Thermal Management of Electrospun Nanofiber in a Facemask to improve Everyday life against COVID-19
Dr. Nabila Shamim, Assistant Professor, Department of Chemical Engineering, College of Engineering
This study aims to develop methods to transform facemasks into providing better protection against microorganisms such as the novel coronavirus, also known as COVID -19. Here, thermal management is introduced into face masks to enhance the user’s thermal comfort. Air filtration is possible using electrospun nanofibers cloth. However, the qualification of an electrospun nanofibers cloth in a facemask to protect against COVID -19 is still unknown.

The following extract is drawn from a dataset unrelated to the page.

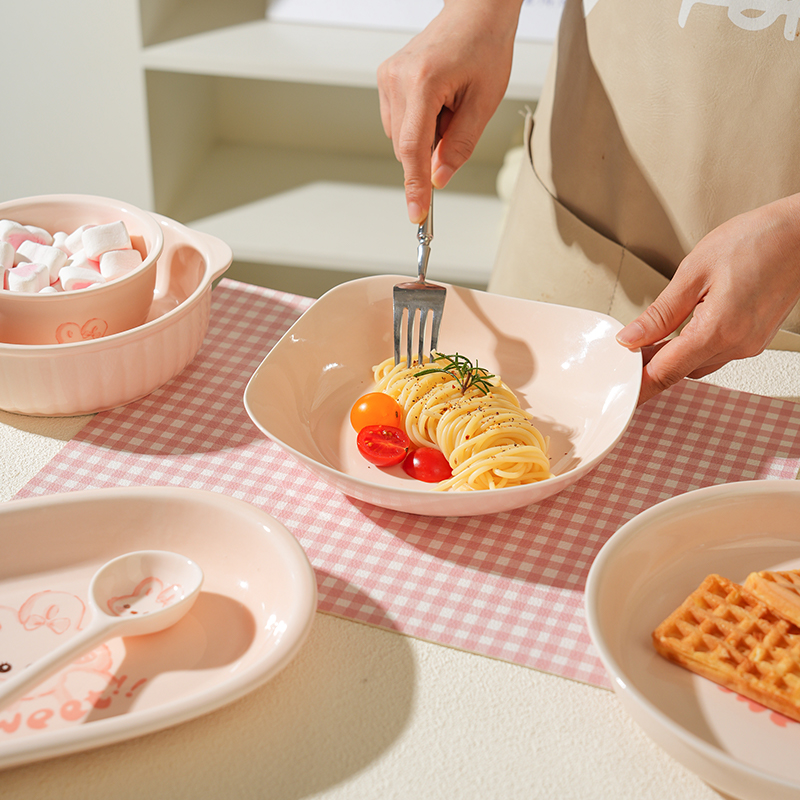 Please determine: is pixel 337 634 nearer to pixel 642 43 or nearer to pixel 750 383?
pixel 750 383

The objectives of this proposal are to conduct thermal images, morphology, water droplet absorption, flexibility, and airborne particle filtering capabilities of a poly(ε-caprolactone) nanofiber to evaluate whether it can be used with an existing procedure or generic fabric based mask to protect an individual from novel coronavirus. These multifunctional face mask designs can be explored for both outdoor and indoor applications to protect people from microorganisms and simultaneously achieve personal thermal comfort.
Impact: Effective thermal management of the electrospun nanofibers in a facemask will increase the comfort zone of usage for a more extended time; thus, adopting face masks will slow the spread of COVID-19.
Online/Hybrid Manufacturing Processes Laboratory in Cope with COVID-19 Pandemic
Dr. Lai Jiang, Assistant Professor, Department of Mechanical Engineering, College of Engineering
Manufacturing Processes Laboratory, as one of the three required lab courses for undergraduate mechanical engineering students, is encountering extreme difficulties due to the remote education policy at PVAMU caused by the COVID-19 pandemic. The proposed process to be developed in this proposal will solve issues such as limited classroom spacing, social distancing in class, clear instructions, etc. New lab modules and course materials will be developed to replace current ones that cannot be moved online. This effort will serve as a practical trial for all other traditional engineering lab courses that have moved to online/hybrid for the fall semester.
Impact: Research activities performed in the proposed project will provide guidelines for faculties in creating equivalent online or hybrid lab courses for semesters when remote education is required. High-quality courses developed with new modules will reduce the virus spreading in regular face-to-face lab classes and thus help mitigate COVID-19 risks.
Virtual Reality/Mixed Reality: A COVID-19 Response to Chemical Engineering Laboratory
Dr. Keisha C.A. Antoine, Department of Chemical Engineering, College of Engineering
The project goal is to use virtual reality/mixed reality (VR/MR) tools in the Chemical Engineering laboratory curriculum to address COVID-19 requirements for social distancing. By introducing VR/MR technology, we can meet the current need for remote learning while providing an enhanced learning experience in the senior laboratory course to reinforce abstract engineering concepts. VR/MR is being successfully used in providing workforce training in a range of fields: engineering, architecture, medicine, aerospace, even sales/marketing. Our proposal stays true to the COVID-19 innovation theme by pioneering an immersive, digital (yet hands-on) learning experience that is unavailable in face-to-face labs characteristic in STEM education.
Impact: We are tackling STEM learning in a COVID-19 world because with VR/MR technology, we can eliminate COVID-19 transmission modes present in face-to-face instruction. With VR/MR at PVAMU, we can provide quality education to underrepresented groups in a remote learning format, while modernizing the chemical engineering curriculum.